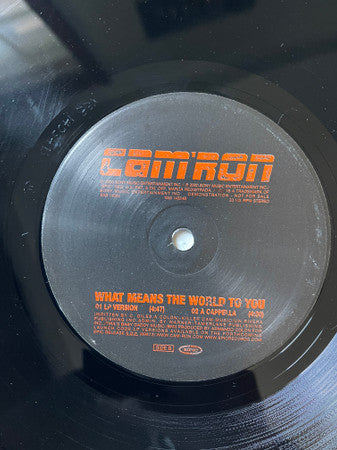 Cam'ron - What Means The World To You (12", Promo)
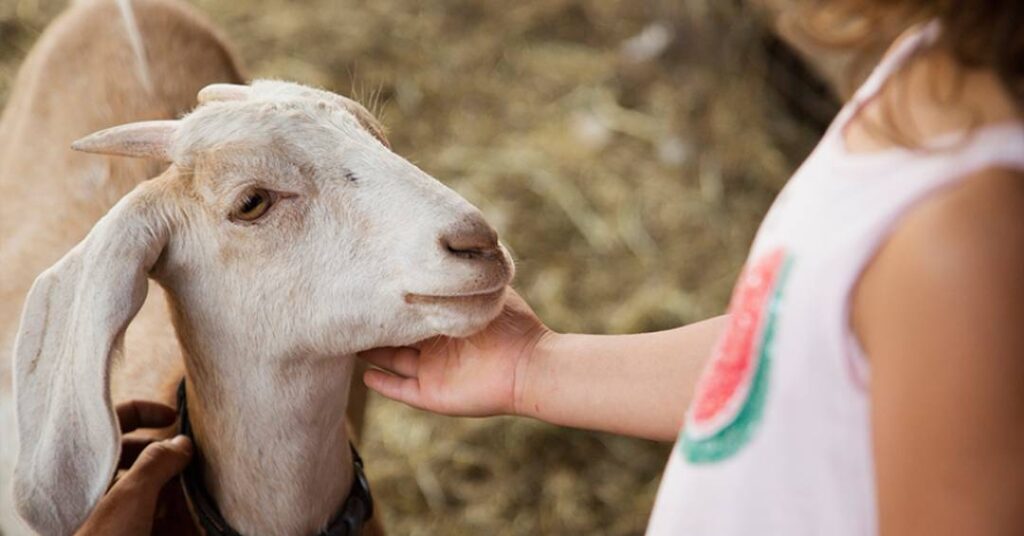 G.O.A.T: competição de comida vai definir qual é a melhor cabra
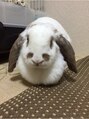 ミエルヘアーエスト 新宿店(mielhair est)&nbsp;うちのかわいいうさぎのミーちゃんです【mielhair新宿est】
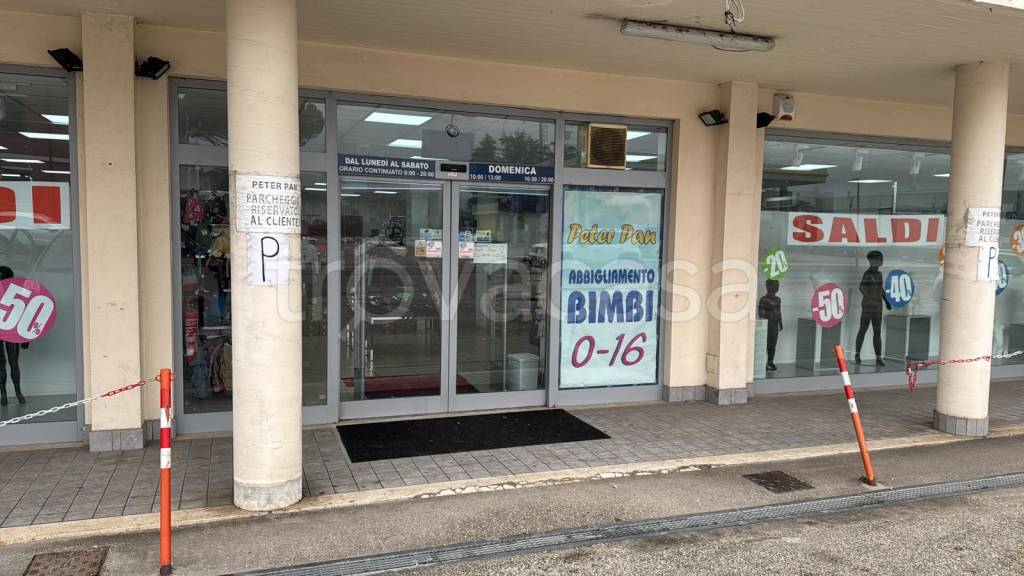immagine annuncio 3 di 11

---

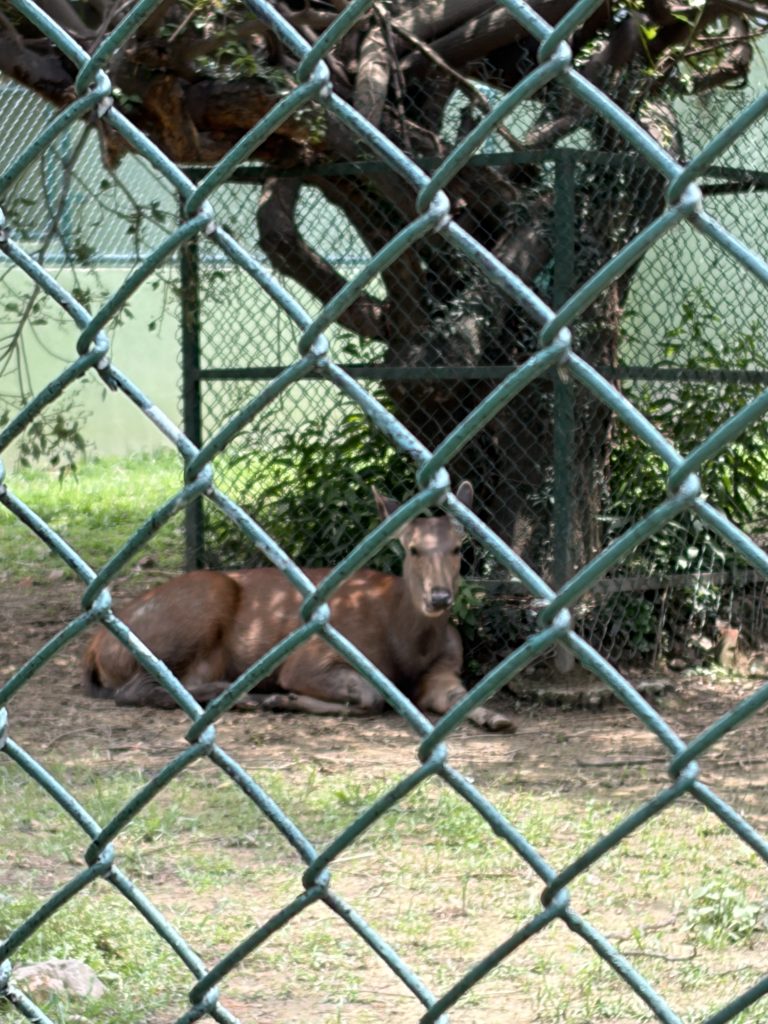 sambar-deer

#### WHAT YOU HAVE TO DO:
Range to copy from the records above: the line containing "Cam'ron - What" to the line containing "immagine annuncio 3 di 11", both included. Output those lines exactly and only those, skipping pictures.

#### EXERCISE OUTPUT:
 Cam'ron - What Means The World To You (12", Promo)
 G.O.A.T: competição de comida vai definir qual é a melhor cabra
 ミエルヘアーエスト 新宿店(mielhair est)&nbsp;うちのかわいいうさぎのミーちゃんです【mielhair新宿est】
immagine annuncio 3 di 11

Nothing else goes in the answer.